Grimme-Preis-Sammler Jan Böhmermann (r.) im Gespräch mit Moderator Jo Schück
Grimme-Preis-Sammler Jan Böhmermann (r.) im Gespräch mit Moderator Jo Schück © Jörg Gutzeit

Polit-Clown Jan Böhmermann entwickelte sein „ZDF Magazin Royale“ zum gelungenen Mix aus Entertainment, Satire und politischen Eingriffen: Clou war die Veröffentlichung des geheimen hessischen Verfassungsschutzberichts zum NSU (nationalsozialistischen Untergrund). Sammler Böhmermann stellt sich bereits seine sechste Grimme-Trophäe ins Regal: „Ich mag Grimme-Preise wahnsinnig gerne.“

18 ausgezeichnete Beiträge kurzweilig zu präsentieren und dabei in die Tiefe zu gehen, ist eine Kunst. Jo Schück beherrscht sie. Locker und schnörkellos, originell und nah am Preis moderiert der Kulturjournalist die Gala.

Die Woche in drei Minuten

Sie zeigt die ganze Vielfalt und Qualität des Fernsehens. 2022 gab es viel Neuland - auch den ersten Grimme-Preis für das Videoportal TikTok. Hier presst die junge Medienwissenschaftlerin Marie Lina Smyrek in „smypathisch“ ihren satirischen Wochenrückblick in drei Minuten. Schlagzeilen, Horoskope, ja sogar den Grimme-Preis packt sie in eine pausenlose, scharf gewürzte Gag-Tirade. So viel Tempo kommt bei jungen Zuschauern an. „Ich bin ein großer Fan von Late-Night-Shows“, verrät Smyrek. Die waren ihr offenbar nur zu lang.

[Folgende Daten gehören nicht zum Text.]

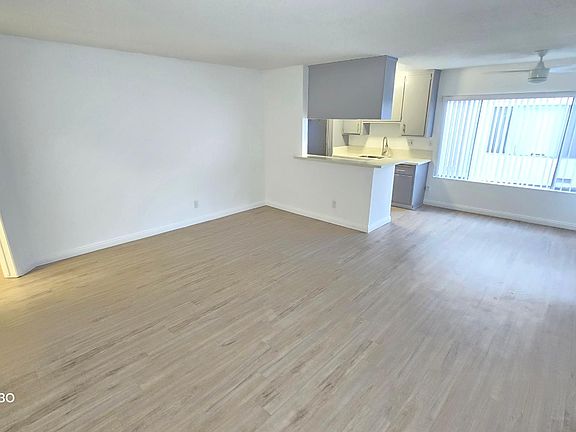 2nd image of 3655 Keystone Ave #3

Weitere TV-Glanzlichter sind die kontinuierlichen investigativen Recherchen zum Rechtsradikalismus („Kontraste“, ARD) die ARD-Doku „Leben nach Butscha – Trauma und Hoffnung“ mit erschütternden Bildern der Zerstörung aus der ukrainischen Stadt, ein nachhaltiges Sandmännchen und die Reality Show „Queer Eye Germany“. Hier geben fünf queere Experten Tipps zu Mode und Lifestyle.

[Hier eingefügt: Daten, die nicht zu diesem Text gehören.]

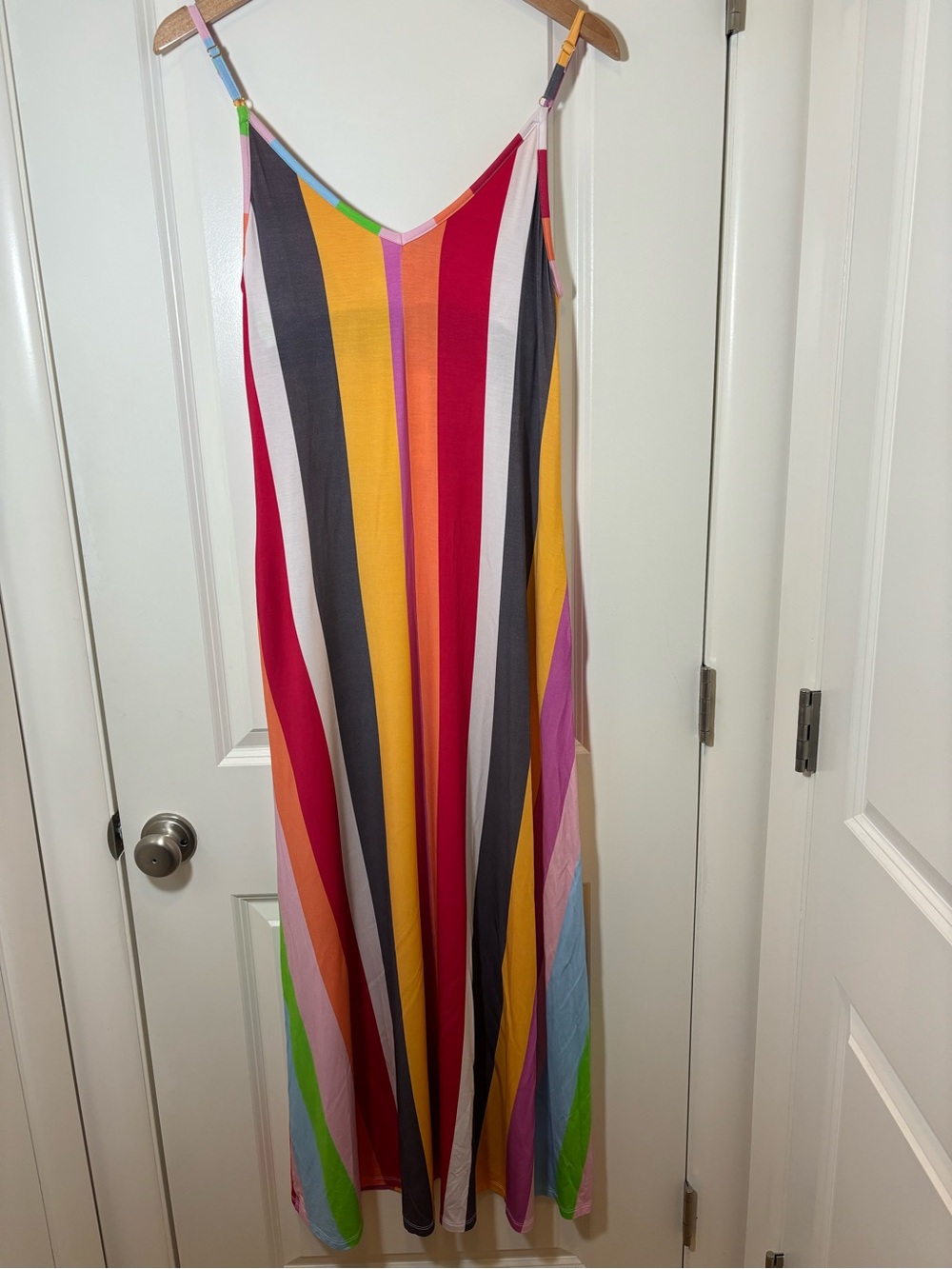 Skivvys Femme Multicolor Striped Maxi Dress - Bright Rainbow Panels with pockets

Maren Kroymann bedankt sich mit einer witzigen Rede für die Besondere Ehrung beim Grimme-Preis.
Maren Kroymann bedankt sich mit einer witzigen Rede für die Besondere Ehrung beim Grimme-Preis. © Jörg Gutzeit

Auch das Finale ist beste Unterhaltung: Maren Kroymann (73), Schauspielerin, Kabarettistin und Feministin, freut sich riesig über ihren Grimme-Ehrenpreis. „Es ist ja das Schönste, wenn man einem was erfüllt wird, was man sich gar nicht zu wünschen getraut hat.“ Sie dankt ihren Autoren fürs Schreiben der vielen guten Pointen: „Was ich selber mache, sind meine Dankesreden.“ Und dann wünscht sich Kroymann noch eine Ehrung: Ihre Falten zwischen Nase und Oberlippe sollten zum schützenswerten Weltkulturerbe ernannt werden - weil Falten im Fernsehen total verloren gehen. Maren Kroymann geht dem Fernsehen zum Glück nicht verloren. Genüsslich kündigt sie an: „Ich möchte mich weiterentwickeln und nicht ewig auf meinen Intellekt reduziert werden.“

Fazit: Diese unterhaltsame Gala mit den „besten Streaming-Tipps des Jahres“ (Jo Schück) hat einen besseren Sendeplatz verdient als nachts bei 3sat. Vielleicht wird es ja was zum 60. Grimme-Preis.